Angeführte Entscheidungen:
-
Anführungen in anderen Entscheidungen:
-

Sachverhalt und Anträge

I. Auf die am 23. August 2001 unter Inanspruchnahme einer deutschen Priorität vom 1. September 2000 eingereichte europäische Patentanmeldung Nr. 01120208.2 wurde das europäische Patent Nr. 1 184 494 erteilt.

Anspruch 1 lautet:

"Texturierdüse (10) mit einem Stauchteil (16), dadurch gekennzeichnet, dass

die austrittsseitig des Stauchteils (16) liegenden Lamellenenden frei zur Umgebung, insbesondere berührungslos zu umgebenden Teilen der Düse, und/oder zu einem anschliessenden Führungsteil (18), ausgeführt sind."

II. Gegen das erteilte Patent wurde, gestützt auf die Einspruchsgründe der Artikel 100 a) und 100 b) EPÜ, Einspruch eingelegt mit dem Antrag auf Widerruf des Patents.

III. Die Einspruchsabteilung hat mit ihrer am 22. November 2010 zur Post gegebenen Entscheidung den Einspruch zurückgewiesen. Sie kam zu dem Ergebnis, dass keiner der vorgebrachten Einspruchsgründe der Aufrechterhaltung des Patents entgegenstehe. Folgende Entgegenhaltungen wurden in Betracht gezogen:

D1: EP-A-0 163 039

D2: EP-A-0 554 642

E1: EP-A-0 212 175

E2: DE-A-25 45 590

E3: WO-A-96/23 916

E4: EP-A-0 632 150

E5: EP-B-0 276 704

E6: DE-A-21 16 274

E7: US-A-3 994 052

E8: US-A-3 303 546

E9: DE-A-26 31 393

IV. Gegen diese Entscheidung hat die Beschwerdeführerin (Einsprechende) am 21. Januar 2011 Beschwerde eingelegt, gleichzeitig die Beschwerdegebühr bezahlt und am 9. März 2011 die Beschwerdebegründung eingereicht.

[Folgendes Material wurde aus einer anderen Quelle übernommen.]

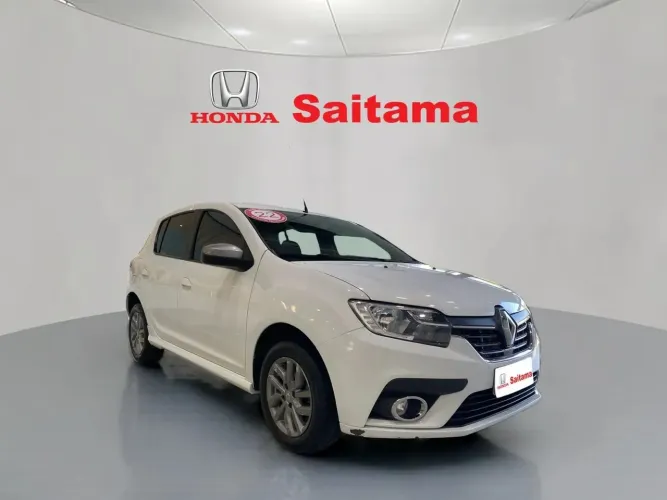 Renault Sandero GT Line Flex 1.0 12V 5P 2022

V. Die Beschwerdekammer hat in ihrem Bescheid als Anlage zur Ladung zur mündlichen Verhandlung ihre vorläufige Einschätzung der Sachlage mitgeteilt. Dieser zufolge sei bei der Auslegung des Anspruchs 1 das allgemeine technische Verständnis zugrunde zu legen und der im Patentrecht übliche Sprachgebrauch zu beachten. Die Neuheit werde zu diskutieren sein und die erfinderische Tätigkeit scheine nicht in Frage zu stehen.

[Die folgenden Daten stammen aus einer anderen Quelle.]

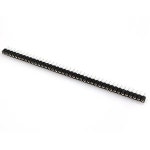 1pcs 40pin single row 2.54mm round female header pin Sale - Banggood.com 1pcs 40Pin Single Row 2.54mm Round Female Header Pin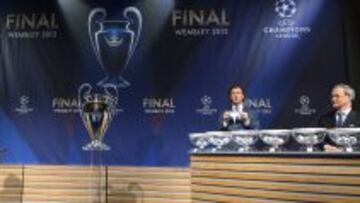 Los madridistas quieren el Barcelona y los culés al Borussia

VI. Am 11. Juli 2014 fand eine mündliche Verhandlung vor der Beschwerdekammer statt.

Die Beschwerdeführerin (Einsprechende) beantragte die Aufhebung der angefochtenen Entscheidung und den Widerruf des europäischen Patents Nr. 1 184 494.

Die Beschwerdegegnerin (Patentinhaberin) beantragte die Zurückweisung der Beschwerde.

VII. Das Vorbringen der Beschwerdeführerin lässt sich wie folgt zusammenfassen:

Der Patentanspruch 1 beziehe sich auf ein Stauchteil mit Lamellen, deren Enden frei sein sollen. Dabei sei zu beachten, dass das Lamellenende, wie in Fig. 3 von D1 gezeigt, auch die Fläche 30 enthalte, die nach innen und zu umgebenden Teilen frei sei. Da der Begriff Lamelle im Patent nicht definiert sei, müsse er im Licht der Offenbarung entsprechend interpretiert werden. Da das Stauchteil entweder zusammengesetzt oder einstückig hergestellt werde, könnten auch andere Querschnittsformen als längliche flache Körper unter den Begriff fallen. So zeige E6 ein solches Stauchteil mit "Lamellen" von prismatischem Querschnitt, die sich nicht wesentlich von aus dem Stand der Technik bekannten runden Stäben unterschieden. Eine "Lamelle" müsse auch nicht länglich und schmal sein, wie z.B. die Verwendung des Wortes bei Heizungslamellen oder Lamellenkupplungen zeige.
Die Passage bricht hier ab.